Er wordt gestreefd naar handhaving en zo mogelijk verbetering van de karakteristieke,

historische gegroeide ruimtelijke structuur en de ruimtelijke beeldkwaliteit van de dorpskern als geheel. De hoofdkarakteristieken van het beschermd dorpsgezicht worden bepaald door:

  • de nagenoeg nog geheel gave plattegrond van een radiaal opgebouwd wierdedorp met binnen elkaar gelegen cirkelvormige wegen met daartussen (als spaken in een wiel) meerdere smalle verbindingswegen;
  • het middelpunt van het dorp, met de monumentale witgepleisterde kerk met de direct daar rond omheen lopende gracht en binnenste ringweg ’t Loug, nog versterkt door de bomen aan weerskanten van de weg;
  • de compacte structuur en historische karakteristieke van de rondom ’t Loug gelegen bebouwing, die voor een deel als monument is aangewezen, waarvan de gevels zich voegen naar het historische wegbeloop, en die een grote mate van eenheid bezit in de eenvoudige bouwwijze en in het karakteristieke materiaalgebruik van Groninger rode bakstenen en rode of grijsblauwe dakpannen;
  • de buiten het dorpscentrum iets opener maar voortgezette bebouwingsstructuur langs de oudere radiale wegen (Hoofdweg-Noord en –Zuid en Melkweg) en de nieuwere radiale weg (Spaarbankweg);
  • de achter de bebouwing langs ’t Loug gelegen open (moes)tuinenzone, waarvan (met name in het westelijk deel) de beplanting op de erfgrenzen de oude wierdevoet markeert;
  • de grote groene ruimte direct ten westen van de oude dorpskom, waarvan het open karakter wordt geaccentueerd door de omgrachte boerderij tussen de dorpswierde en de Dijkstraat;
  • de over het algemeen eenvoudige inrichting van de openbare ruimte, die zich met name rondom ’t Loug kenmerkt door smalle rijbanen en de toepassing van klinkermaterialen, en die bijdraagt aan de herkenbaarheid en belevingswaarde van ruimtelijk-historische karakteristiek van het dorp;
  • de historische, bochtachtige dijktracé van de ‘olde dijck’, met het brede, naar beide kanten zwak glooiend dijkprofiel, met aan de buitenzijde een bebouwingslint van vrijstaande, merendeels kleine dijkhuisjes.
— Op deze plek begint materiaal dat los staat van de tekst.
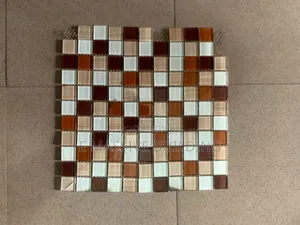 Mosaic Tiles."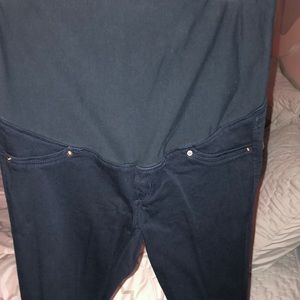 H&M Jeans - H&M mama skinny maternity jeans H&M Jeans - H&M mama skinny maternity jeans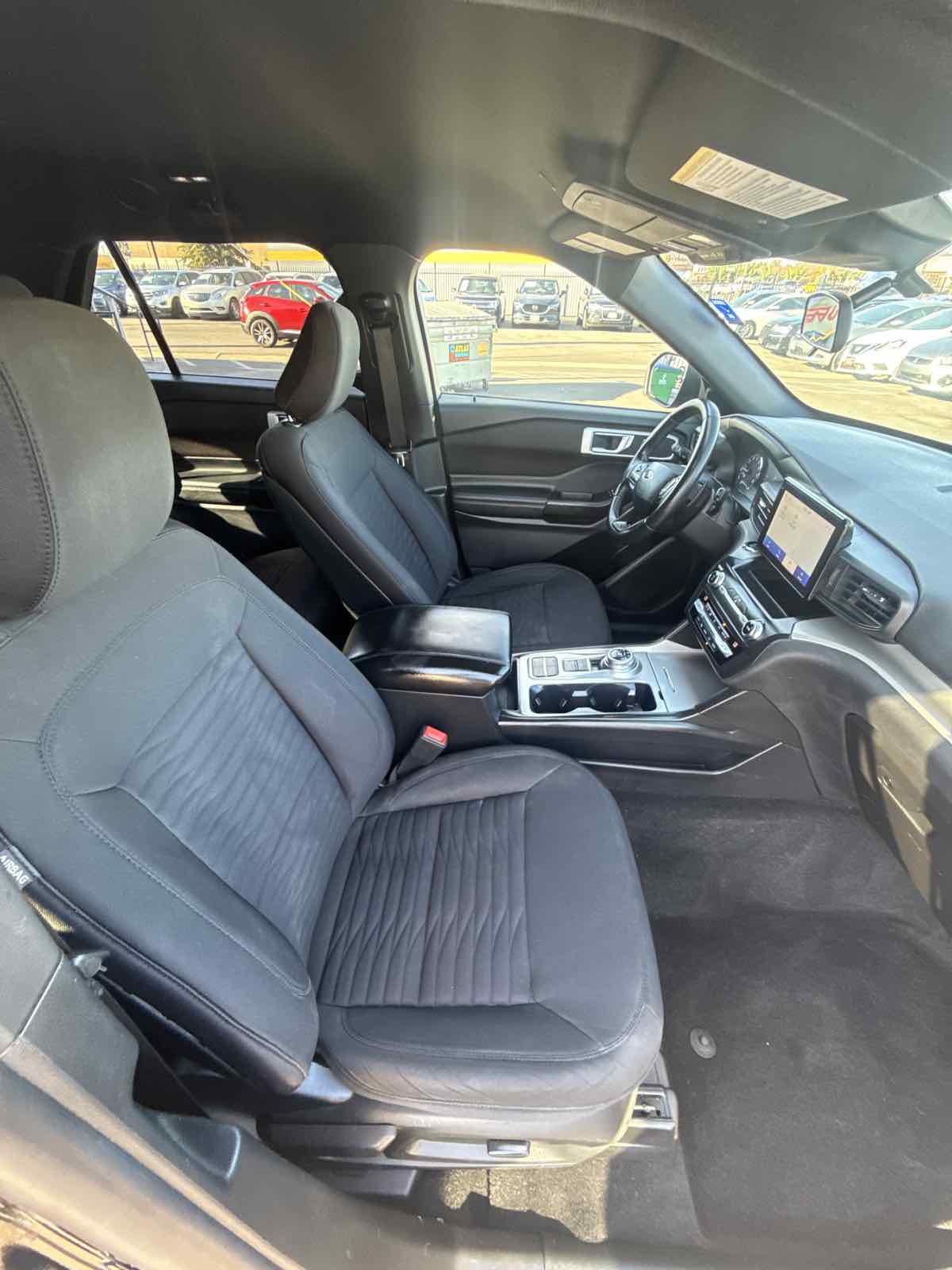 2020 Ford Explorer XLT - Photo 33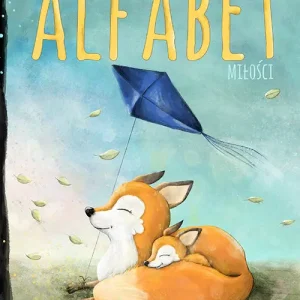 Kup online Alfabet miłości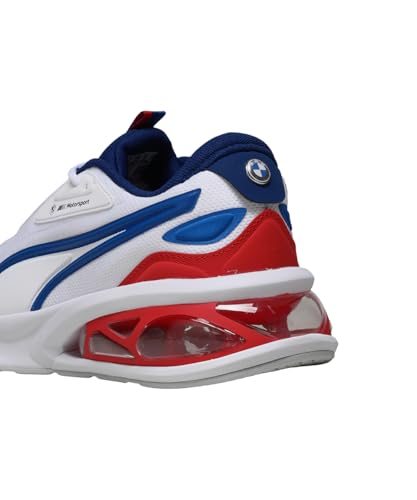 Image of Puma Unisex-Adult BMW MMS Solar Sneaker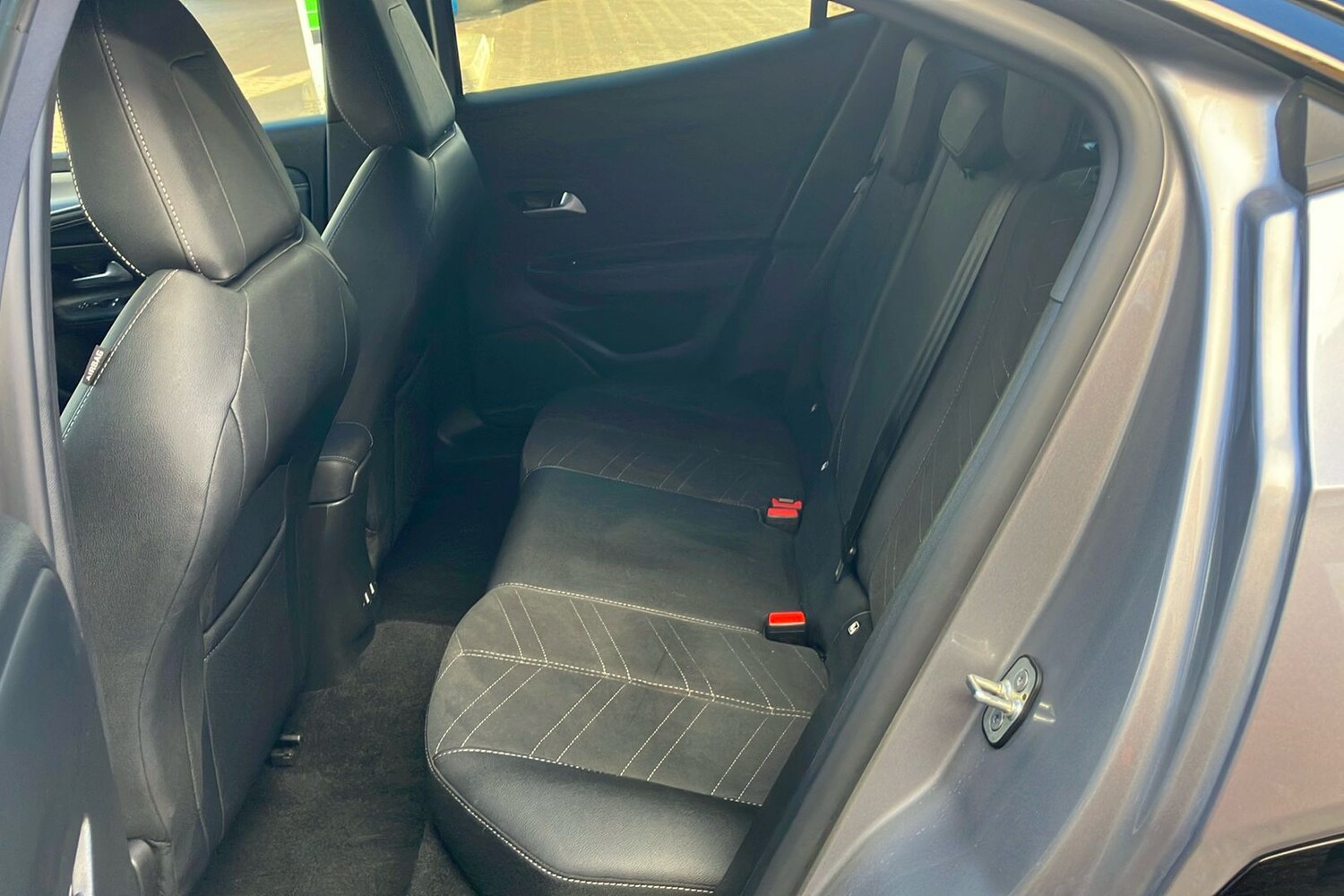 Used Vauxhall Mokka 2025 for sale - 77473206: Photo 15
Handhaving en zo mogelijk versterking van de karakteristieke, historisch gegroeide ruimtelijke structuur en de ruimtelijke beeldkwaliteit wordt mede nagestreefd via toepassing van de Monumentenwet (monumentenvergunning en sloopvergunning) en van de welstandstoetsing. (De Erfgoedwet heeft inmiddels de Monumentenwet 1988 vervangen als het gaat om gebouwde monumenten en archeologie. De wet is op 1 juli 2016 ingegaan.)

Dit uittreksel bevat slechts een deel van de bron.